Non si è ancora chiuso il caso di Giulio Regeni e, ancora, dall’Egitto nessuna risposta circa la possibilità di processare le forze dell’ordine accusate dell’omicidio del ricercatore italiano.
Oggi, a Roma, è in corso una nuova udienza del processo dal quale, si spera, si possano ottenere risultati concreti.
Proprio davanti a Piazzale Clodio, a Roma, ecco che ne è nato un sit in, quanto di protesta, quanto anche di vicinanza alla famiglia di Giulio Regeni, ricercatore italiano ucciso in Egitto, dopo esser stato sequestrato e torturato nel 2016.
La sua famiglia, da anni, continua a chiedere giustizia ma soprattutto è l’Italia stessa a chiedere che, dall’Egitto stesso, venga data una risposta sui quattro 007 egiziani, imputati nel processo per la morte del giovane che, da tempo, risultano essere irreperibili.
È la stessa Procura di Roma a chiedere alla Consulta di sbloccare il processo per evitare una ulteriore fase di stallo dello stesso, fase nella quale si trova tuttora. La richiesta al Gup è arrivata al procuratore capo di Roma nel corso della nuova udienza preliminare sull’omicidio del ricercatore.
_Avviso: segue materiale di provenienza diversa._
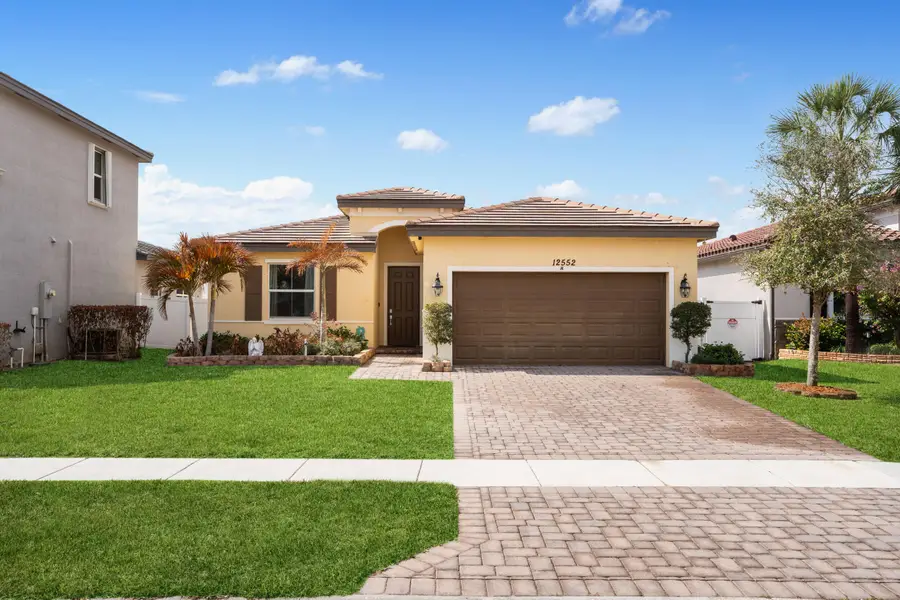 12552 NW Toblin Lane, Port Saint Lucie, FL 34987 - #2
Una questione di costituzionalità è quella sollevata dalla procura, circa l’articolo 420 bis, con lo specifico nella parte dove si vede “l’assenza di conoscenza del processo da parte dell’imputato”.
Non c’è stata alcuna cooperazione da parte dell’Egitto circa proprio la possibilità di processare, come dicevamo, i quattro 007 egiziani imputati nel processo Regeni. Una riserva che lo stesso Gup non scioglierà prima del prossimo 31 maggio.
Sarà proprio in quella occasione che si deciderà se accogliere la richiesta della Procura stessa e, di conseguenza, inviare tutti gli atti alla Corte Costituzionale per procedere, oppure non procedere, o ancora mandare gli imputati a giudizio.
Sono quattro gli 007 egiziani imputati nel processo e sono accusati di sequestro di persona pluriaggravato, lesioni aggravate e concorso in omicidio aggravato. E’ la stessa avvocatura di Stato che ha depositato una memoria al Tribunale di Roma. In essa, si richiede la celebrazione del processo nei confronti, proprio, dei quattro 007 egiziani imputati, facendo appello proprio all’articolo di legge sopracitato, il 420 bis.
Oggi, avrebbero dovuto esser ascoltati come testimoni anche la presidente del Consiglio, Meloni, ed il Ministro degli Esteri, Tajani. Nelle scorse settimane, però, l’avvocatura dello Stato aveva comunicato che “i due rappresentanti del Governo non avrebbero deposto poiché il contenuto dei colloqui avuti col presidente egiziano al-Sisi non è divulgabile” – era scritto.
Un sit in si è venuto a formare, prima dell’udienza, proprio fuori dal Tribunale. Fra i presenti, tantissimi cittadini in sostegno alla famiglia Regeni, ma anche alcuni esponenti politici, fra i quali il neo segretario del Partito Democratico, Elly Schlein.
Tutti erano lì presenti con un simbolo giallo appuntato al petto: “Siamo qui per dare un segnale di vicinanza alla famiglia di Giulio Regeni e alle tante persone che in questi anni non hanno mai smesso di chiedere verità e giustizia” – ha dichiarato la stessa Schlein.